> **Records shown**:
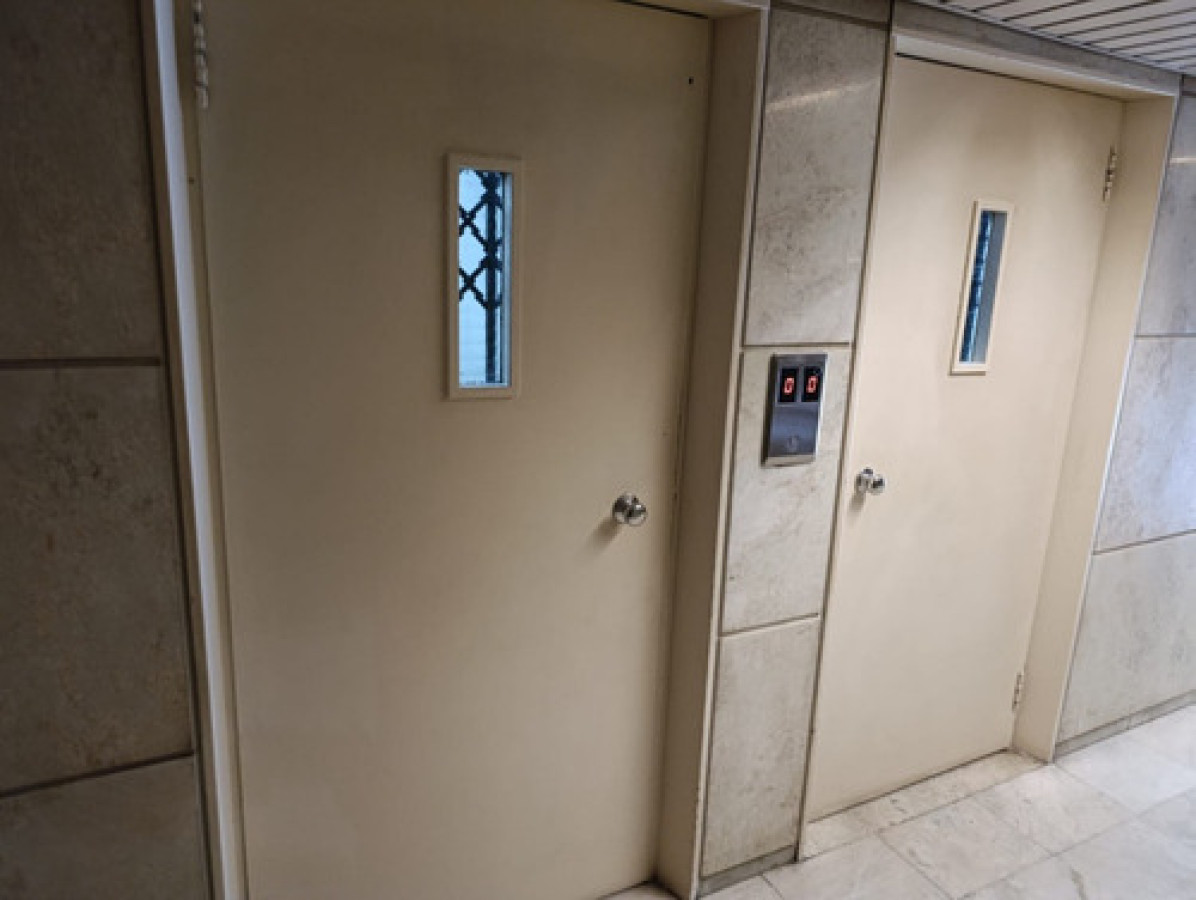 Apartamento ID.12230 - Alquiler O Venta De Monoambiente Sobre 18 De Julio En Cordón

==

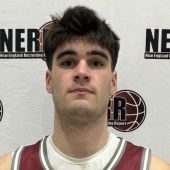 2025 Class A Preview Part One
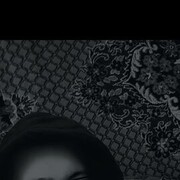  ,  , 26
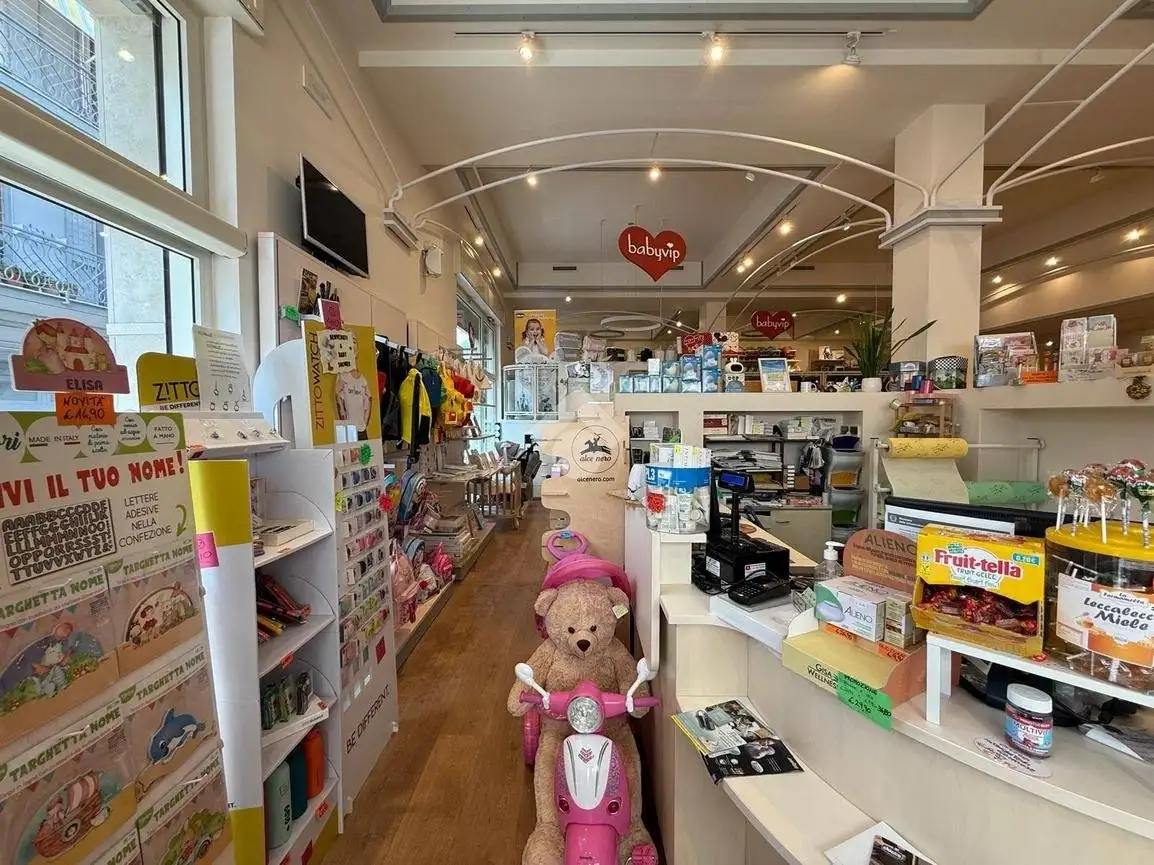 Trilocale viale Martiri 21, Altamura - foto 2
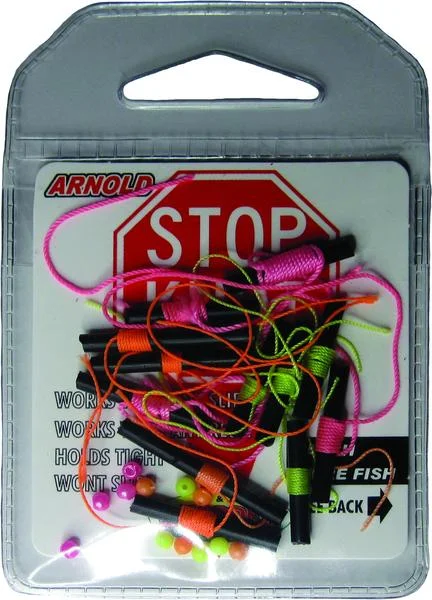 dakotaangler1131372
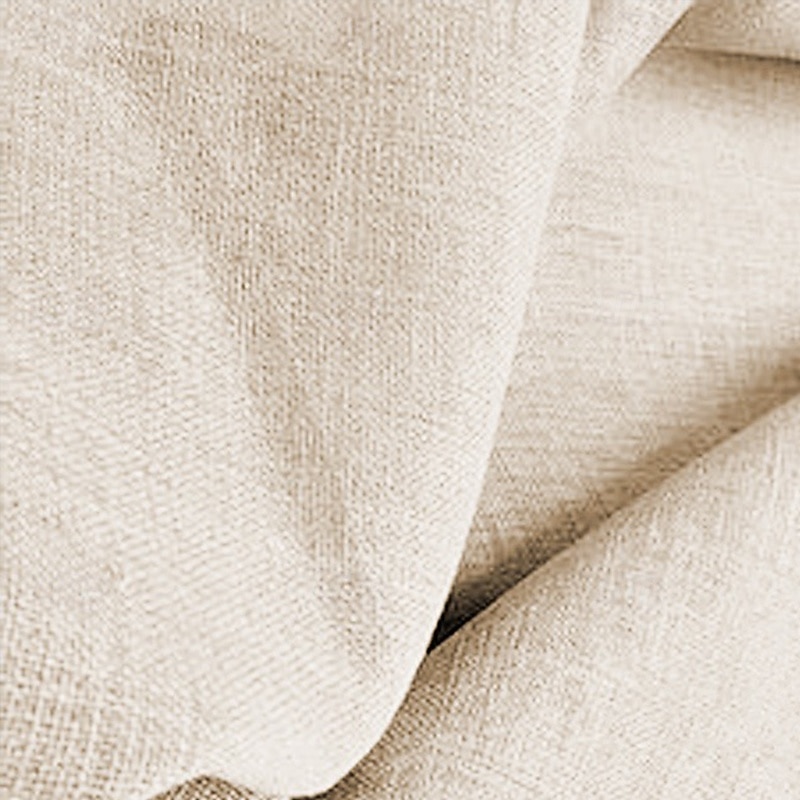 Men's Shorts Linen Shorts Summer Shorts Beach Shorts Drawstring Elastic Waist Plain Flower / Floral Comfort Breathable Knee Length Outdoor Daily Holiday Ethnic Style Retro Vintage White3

> **Goal of the exercise**: Print everything from the line with "Trilocale viale Martiri" down to the line with "Men's Shorts Linen" in the entries above, both lines included and nothing more, without the pictures.

> **Result of this exercise**:
 Trilocale viale Martiri 21, Altamura - foto 2
 dakotaangler1131372
 Men's Shorts Linen Shorts Summer Shorts Beach Shorts Drawstring Elastic Waist Plain Flower / Floral Comfort Breathable Knee Length Outdoor Daily Holiday Ethnic Style Retro Vintage White3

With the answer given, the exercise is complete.